Nur ein kleiner Teil der Milchbauern und -bäuerinnen Südtirols schickt die eigenen Tiere auf die Alm. „Die meisten Betriebe behalten den Großteil ihrer Kühe im Sommer im Tal, weil in dieser Zeit die Milch besser bezahlt wird. Denn durch den Sommertourismus ist die Nachfrage nach Milchprodukten größer. Im Vinschgau sind rund 1.500 Kühe auf den 28 Milchviehalmen. Diese 1.500 Kühe gehören 700 Betrieben, das sind im Durchschnitt zwei Kühe pro Betrieb. Mittlerweile kommen auch viele Kühe aus ganz Südtirol auf die Vinschger Sennalmen (‚Kuhtourismus‘). Es gibt nur einzelne Höfe, die ihren gesamten Bestand auf die Alm bringen“, sagt die Fachlehrerin für Milchverarbeitung. Die wenigen Kühe des eigenen Bestands werden auf die Alm gebracht, um für den Eigenbedarf Käse und Butter zu haben.

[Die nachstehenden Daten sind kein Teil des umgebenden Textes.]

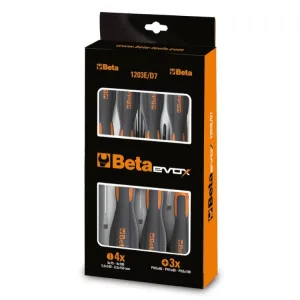 BETA EVOX 1203E/D8P SET OF 8 SCREWDRIVERS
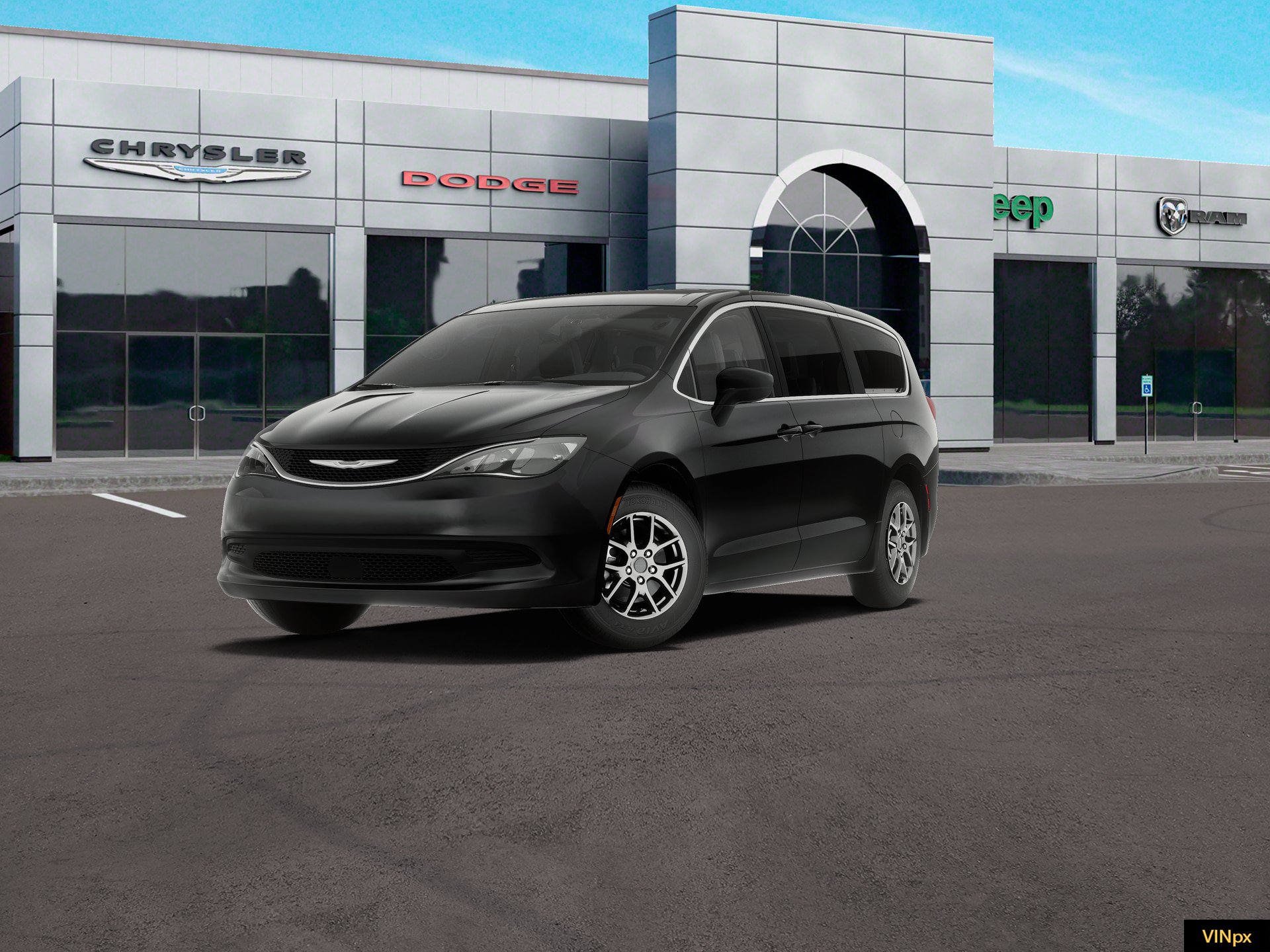 New 2027 Chrysler Pacifica LX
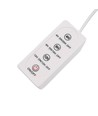 2er Set Flexible Pflanzenleuchte mit Erdspieß - 12W, Timer, 40cm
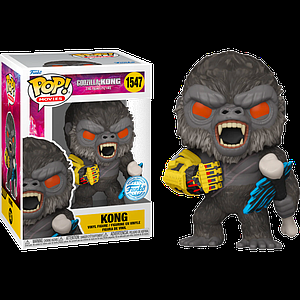 Pop! Movies Godzilla x Kong: The New Empire Vinyl Figure Kong #1547 Special Edition (TAX HOLIDAY)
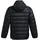 Under Armour Legend Down Hooded Jacket 1385837 schwarz L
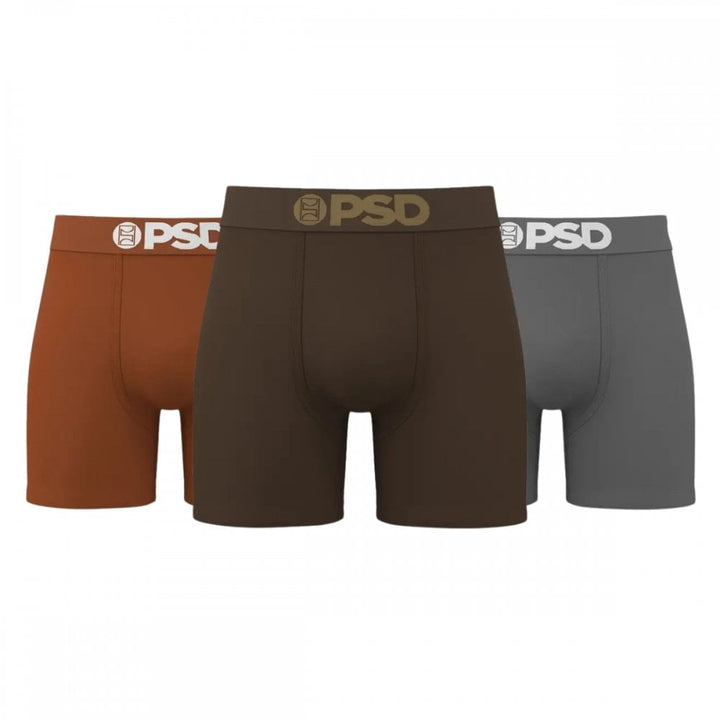 PSD Western Cotton 5" 3Pk Boxer Briefs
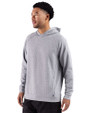 Cutter & Buck Drift Epic Versatility Recycled Textured Knit Mens Hooded Pullover CONCRETE Side
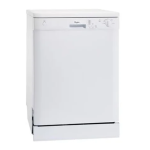 Whirlpool ADP 4650 WH Dishwasher Manuel utilisateur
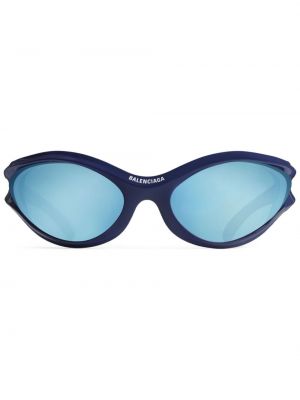 Lunettes de soleil Balenciaga Eyewear bleu
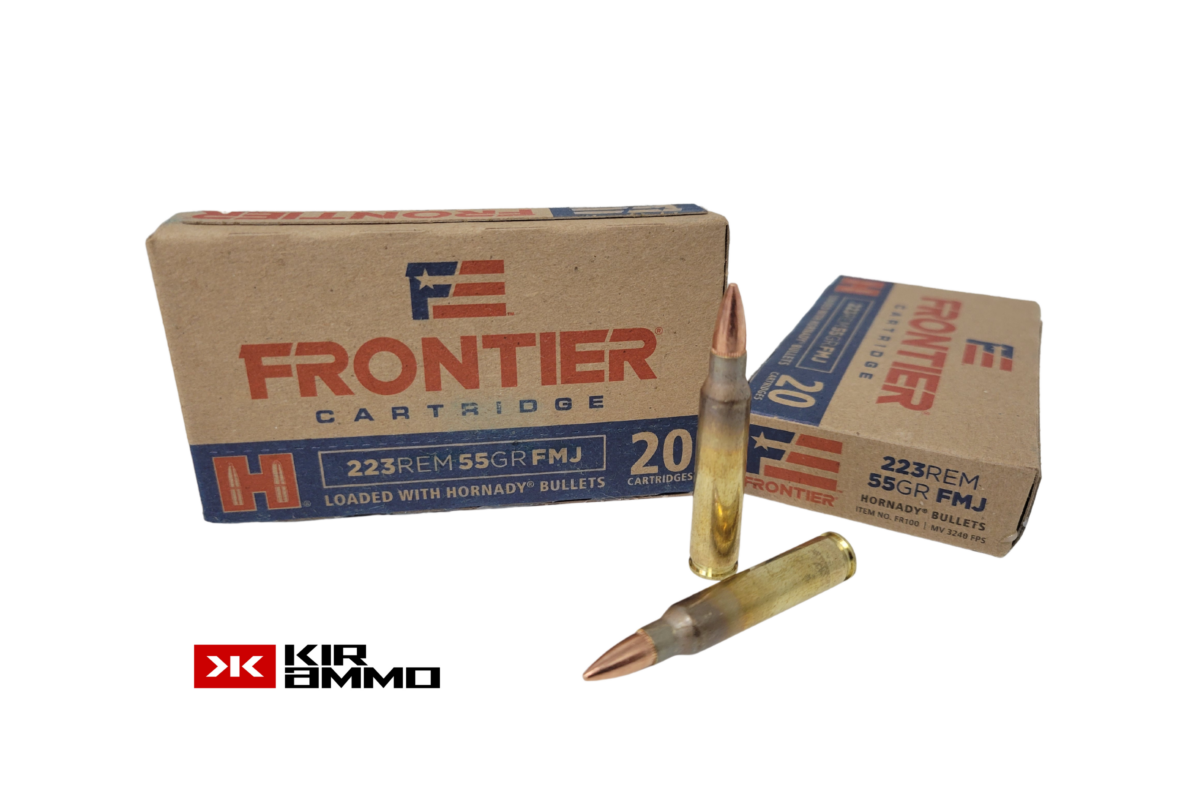 Hornady BLACK .223 Remington 62 Grain FMJ – 20 Rounds (Box) [NO TAX outside Texas] Product Image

Derzeit stehen die Betriebe zudem vor großen finanziellen Herausforderungen: Dass die bergbäuerlichen Betriebe damit kämpfen, kostendeckend zu arbeiten, ist bekannt. Der Arbeitskreis „Zukunft der Südtiroler Bergmilch“ fordert deshalb dringend eine Erhöhung des Milchauszahlungspreises sowie eine Unterstützung seitens des Tourismus. „Die Situation ist gerade nicht einfach, weil die Kosten gestiegen sind, das betrifft nicht nur die Milchbetriebe, sondern die ganze Bevölkerung. Leider ist der Milchpreis mit der Kostenerhöhung nicht gestiegen“, so Haid von der Fürstenburg.